Task details
What you give must be exactly the lines of the material from the first through the line that contains "I'm here at", inclusive, and no others.

□ □ □ □

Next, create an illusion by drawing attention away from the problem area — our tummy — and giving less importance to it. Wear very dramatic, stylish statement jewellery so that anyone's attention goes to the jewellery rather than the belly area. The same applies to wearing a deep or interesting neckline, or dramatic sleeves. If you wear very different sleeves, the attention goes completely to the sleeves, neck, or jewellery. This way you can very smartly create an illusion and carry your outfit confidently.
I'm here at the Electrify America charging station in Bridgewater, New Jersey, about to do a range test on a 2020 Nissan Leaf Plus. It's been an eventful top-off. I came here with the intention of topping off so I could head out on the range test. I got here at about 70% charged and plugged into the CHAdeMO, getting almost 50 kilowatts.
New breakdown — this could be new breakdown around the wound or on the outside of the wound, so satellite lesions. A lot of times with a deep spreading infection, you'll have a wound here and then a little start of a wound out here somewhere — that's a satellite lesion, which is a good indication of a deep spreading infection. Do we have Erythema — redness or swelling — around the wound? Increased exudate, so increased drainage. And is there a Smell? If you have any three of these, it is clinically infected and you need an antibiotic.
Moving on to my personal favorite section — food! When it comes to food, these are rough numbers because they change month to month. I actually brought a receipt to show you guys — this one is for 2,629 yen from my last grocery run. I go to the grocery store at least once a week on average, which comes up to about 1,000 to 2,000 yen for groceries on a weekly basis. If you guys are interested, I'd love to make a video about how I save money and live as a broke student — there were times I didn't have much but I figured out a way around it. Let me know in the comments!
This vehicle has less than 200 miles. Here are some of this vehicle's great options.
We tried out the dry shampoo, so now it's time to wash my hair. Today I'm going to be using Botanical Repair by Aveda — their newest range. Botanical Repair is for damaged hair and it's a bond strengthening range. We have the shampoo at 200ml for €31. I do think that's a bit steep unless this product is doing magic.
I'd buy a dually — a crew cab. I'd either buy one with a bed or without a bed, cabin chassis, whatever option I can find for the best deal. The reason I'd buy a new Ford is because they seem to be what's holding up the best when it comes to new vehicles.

□ □ □ □

Your response
Next, create an illusion by drawing attention away from the problem area — our tummy — and giving less importance to it. Wear very dramatic, stylish statement jewellery so that anyone's attention goes to the jewellery rather than the belly area. The same applies to wearing a deep or interesting neckline, or dramatic sleeves. If you wear very different sleeves, the attention goes completely to the sleeves, neck, or jewellery. This way you can very smartly create an illusion and carry your outfit confidently.
I'm here at the Electrify America charging station in Bridgewater, New Jersey, about to do a range test on a 2020 Nissan Leaf Plus. It's been an eventful top-off. I came here with the intention of topping off so I could head out on the range test. I got here at about 70% charged and plugged into the CHAdeMO, getting almost 50 kilowatts.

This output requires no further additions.